2022/09/23 | Par François Avard et al.

Par François Avard, Ariane Émond, Martin Forgues, Jacques Goldstyn (alias Boris) et Christian Vanasse. Les auteurs sont parrains et marraine de la campagne 2022 du coquelicot blanc du collectif Échec à la guerre. Ils sont respectivement auteur et scénariste ; journaliste indépendante, animatrice et autrice ; ex-militaire, journaliste indépendant et auteur ; auteur, illustrateur ; et caricaturiste et auteur et humoriste.
 

À l’occasion du 21 septembre, Journée internationale de la paix, force est de constater que la situation internationale évolue présentement dans une direction extrêmement dangereuse. De toute urgence, le monde a besoin de désarmement et d’une désescalade de la rhétorique de l’affrontement.

Depuis sept mois, la guerre de la Russie en Ukraine fait rage, mettant le pays à feu et à sang.
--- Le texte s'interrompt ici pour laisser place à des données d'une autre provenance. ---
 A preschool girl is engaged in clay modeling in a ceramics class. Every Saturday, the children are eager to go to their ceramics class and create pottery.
La Russie y affronte aussi indirectement l’OTAN. Le tout sur fond de catastrophe radioactive potentielle à la centrale de Zaporijjia, la plus grande d’Europe.
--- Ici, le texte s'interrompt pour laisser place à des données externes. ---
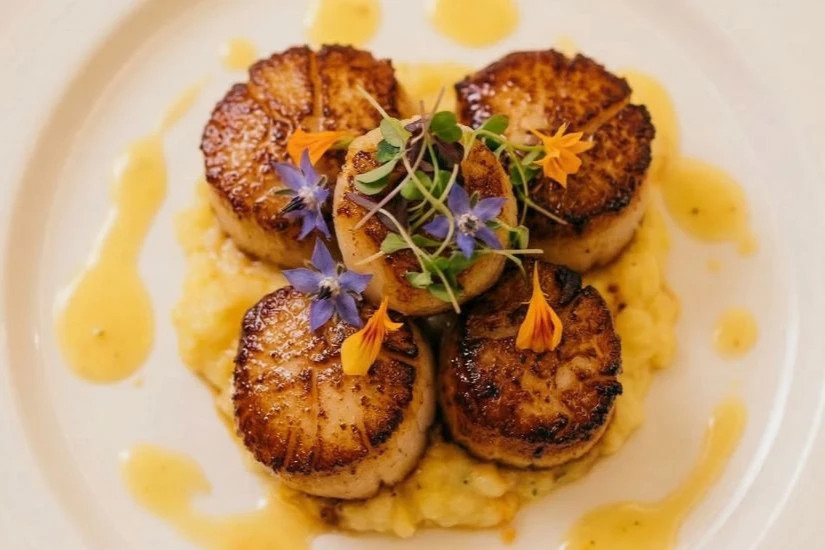 Four perfectly pan-seared scallops, golden brown on the top and bottom with a white tender center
En avril, on a annoncé que la nouvelle alliance militaire AUKUS — regroupant depuis un an l’Australie, le Royaume-Uni et les É.-U. en vue notamment d’équiper l’Australie en sous-marins nucléaires — allait aussi développer des armes hypersoniques, qui seront vraisemblablement pointées vers la Chine.

En juin, le sommet de l’OTAN à Madrid a adopté un nouveau Concept stratégique stigmatisant la Russie comme « la menace la plus importante […] à la zone euro-atlantique » et la Chine pour ses « politiques coercitives qui sont contraires à nos intérêts, à notre sécurité et à nos valeurs ».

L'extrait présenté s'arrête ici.